Dir-se-á ainda que o facto da Ordem dos Engenheiros, região Norte, ter ministrado uma acção de formação em avaliação de propriedades rústicas (aberta à frequência de engenheiros, e não engenheiros) inculca precisamente o contrário, pois não faria sentido que, cobrando por essa formação, e de forma acrescida a não engenheiros, defendesse que o formando que integrasse este último grupo não poderia depois rentabilizar os conhecimentos ministrados e adquiridos, em eventual prestação por ele próprio de um tal serviço a terceiros.

Dir-se-á, igualmente, que as respostas da Ordem dos Engenheiros (fls. 108), e da Ordem dos Engenheiros Técnicos (fls. 111, verso) juntas ao autos se limitam, respectivamente, a concluir que se está «igualmente perante a prática de um ato de engenharia sem a devida competência para tal», e que o perito nomeado pelo tribunal não preenche as condições para «efeitos de candidatura como perito judicial», precisamente por falta de inscrição em qualquer uma destas ordens profissionais; mas fizeram-no de forma absolutamente conforme com a concreta e precisa questão que, prévia e exclusivamente no que ora nos interessa) lhes foi colocada pelo Requerido (D. C.), isto é, se «esse mesmo cidadão, não obstante não se encontrar inscrito na Ordem dos Engenheiros [ou na Ordem dos Engenheiros Técnicos], está habilitado à realização de perícias no âmbito de um processo judicial».
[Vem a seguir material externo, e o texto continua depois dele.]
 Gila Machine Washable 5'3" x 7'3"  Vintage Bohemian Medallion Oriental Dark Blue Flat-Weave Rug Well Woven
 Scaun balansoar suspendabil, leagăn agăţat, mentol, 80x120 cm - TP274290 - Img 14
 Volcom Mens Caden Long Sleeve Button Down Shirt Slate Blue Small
Ora, reitera-se, o que está em causa nos autos não é a qualidade de perito judicial (isto é, dos que integram lista oficial da Relação a que pertence o Tribunal a quo, e limitada a perícias de engenharia civil e arquitectura), mas sim o carácter necessariamente reservado a uma qualquer engenharia (isto é, dela imperativamente exclusiva) da concreta perícia realizada; e, quanto a isso, nada foi esclarecido pelas informações prestadas pelas duas ordens profissionais em causa.

Concorda-se, assim, com o ajuizado no despacho recorrido, quando no mesmo se afirma que «não é legalmente exigido – ao contrário do que ocorre nos casos previstos no artigo 467.º, n.º 3 do CPC - em lado algum que o perito tenha o grau de engenheiro, mas apenas que tenha “idoneidade e competência na matéria em causa”».
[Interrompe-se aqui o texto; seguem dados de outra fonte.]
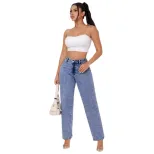 High Waisted Straight Leg Jeans Vintage Style Womens Fashion Comfortable Fit Casual Wear Wholesa
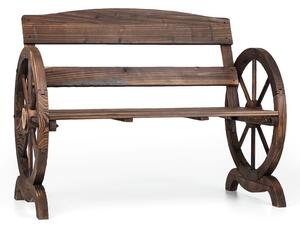 Blumfeldt Ammergau ławka ogrodowa ławka drewniana ławka na kołach 108x65x86cm opalane drewno jodłowe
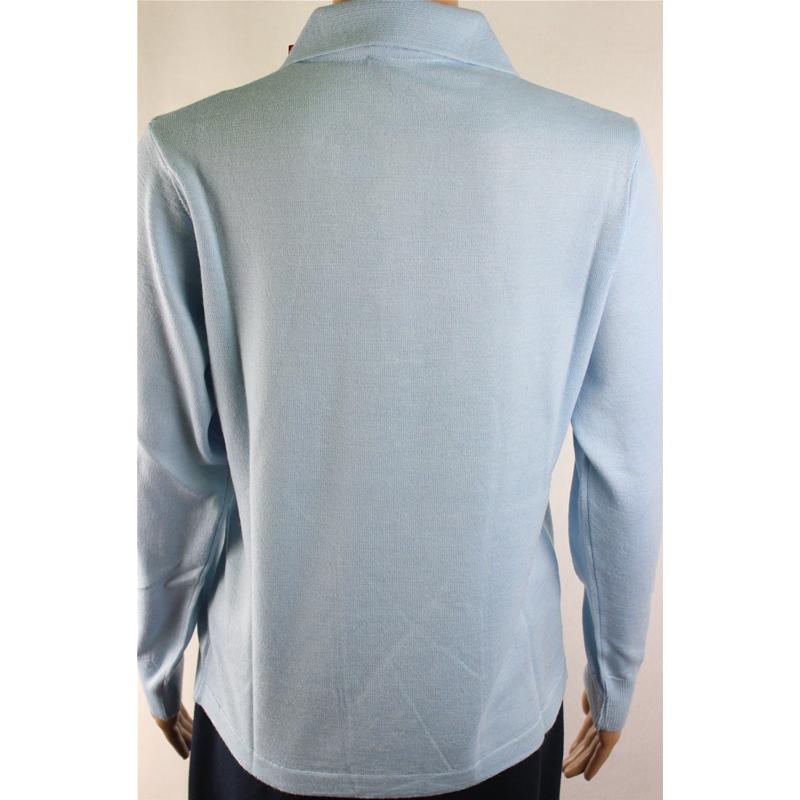 .MAGLIA POLO DONNA 3 BOTTONI.LANA MERINOS 80% MADE IN ITALY S-M-L-XL-XXL CIELO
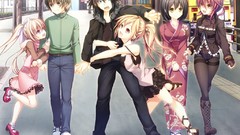 Anime dress pants hugging long hair anime girls short hair 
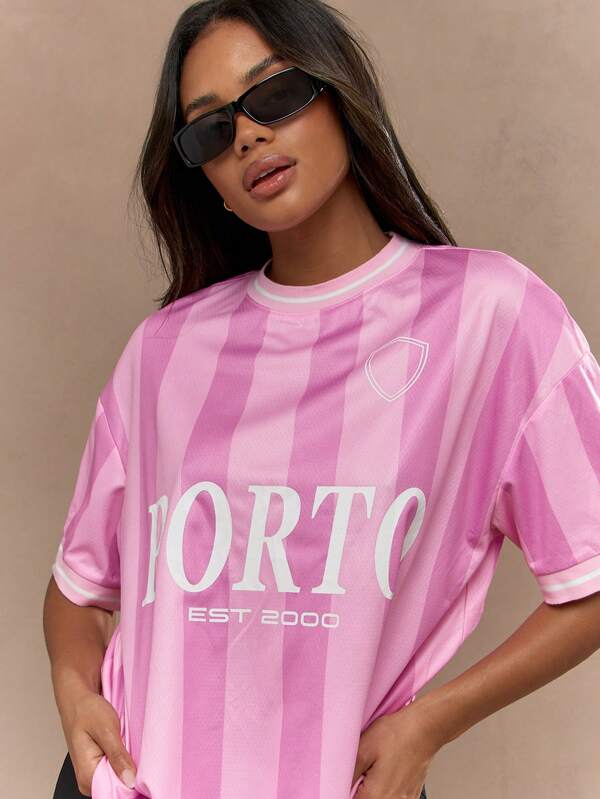 Missguided MISSGUIDED Drop Shoulder Oversized Football Jersey Unisex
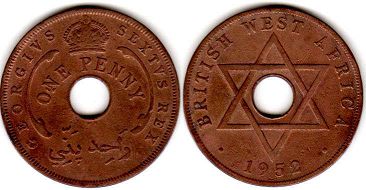 coin ONE PENNY BRITHSH WEST AFRICA GEORGIVS VI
Ora, considerando que o perito indicado possui, não uma, mas uma dupla licenciatura em engenharia - florestal e agronómica -, que qualquer delas está relacionada com a exploração de prédios rústicos, e que beneficiou ainda de uma formação em avaliação de propriedades rústicas, ministrada pela delegação do Norte da Ordem dos Engenheiros, não se tem por demonstrada a alegada falta de idoneidade e competência para intervir na perícia colegial realizada nos autos.

Dir-se-á ainda que, importando «aferir (…) se o referido perito se encontra habilitado, face às suas reais qualificações, para proceder à realização da perícia efectuada no âmbito dos presentes autos» (Ac. da RC, de 08.11.2016, Moreira do Carmo, Processo n.º 918/12.8TBCBR.C1), independentemente da sua não inscrição em qualquer uma das ordens profissionais que representam os engenheiros no nosso país, não se crê aqui aplicável o único acórdão citado pelo Requerido (D. C.) em abono da sua posição (precisamente, o acabado de reproduzir).
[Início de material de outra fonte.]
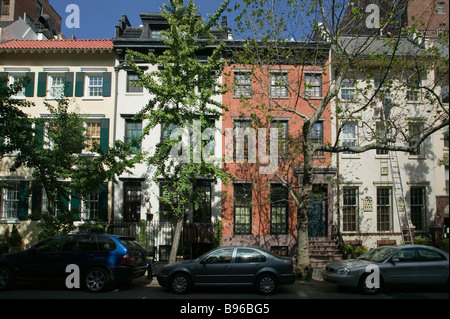 Case di riga noto come blocco bella East 19th Street Gramercy Park Historic District di New York City Foto Stock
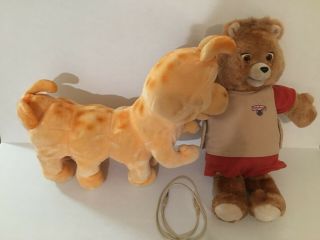 1985 WOW RESTORED TEDDY RUXPIN & GRUBBY W/CORD 40 BOOKS,  TAPES & 10 OUTFITS 4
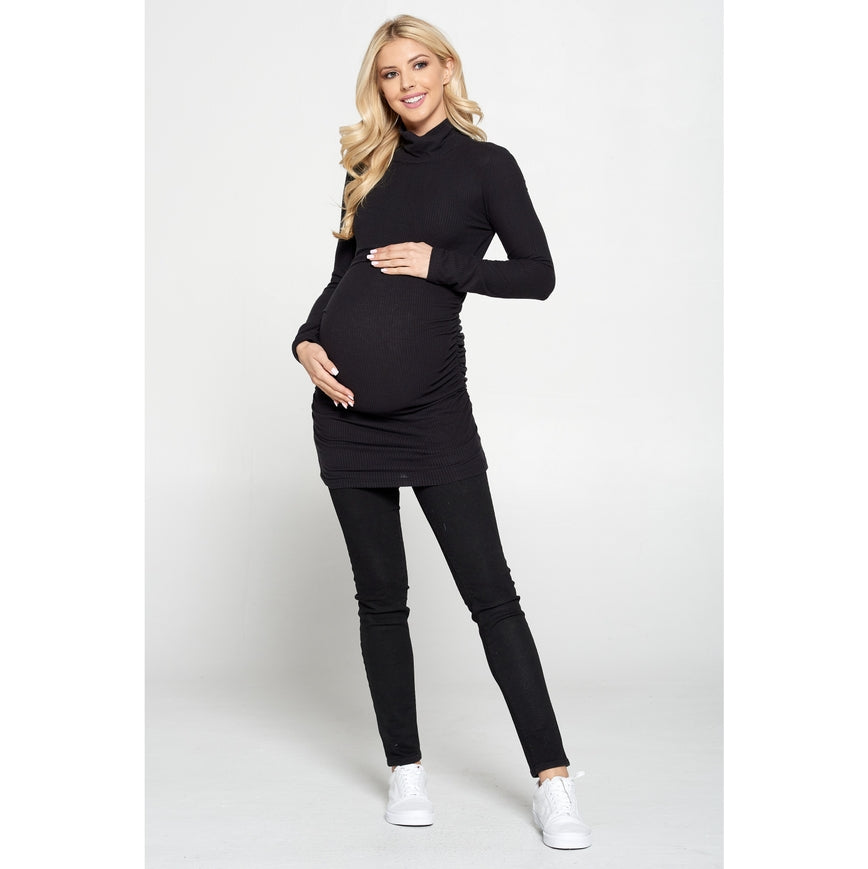 Side Ruched Breastfeeding Turtleneck Top-Made in USA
Com efeito, o que nele estava em causa era a intervenção, como perito, de um «mero agente técnico de engenharia e arquitectura», em confronto com dois engenheiros civis, e não alguém duplamente licenciado em engenharia, sendo que qualquer delas com óbvio reporte à matéria objecto da perícia.

Não se vê, assim, razão para revogar a decisão do Tribunal a quo, quando o mesmo concluiu pela idoneidade e competência para a matéria da causa do perito que antes nomeara para intervir em seu nome a perícia colegial realizada nos autos."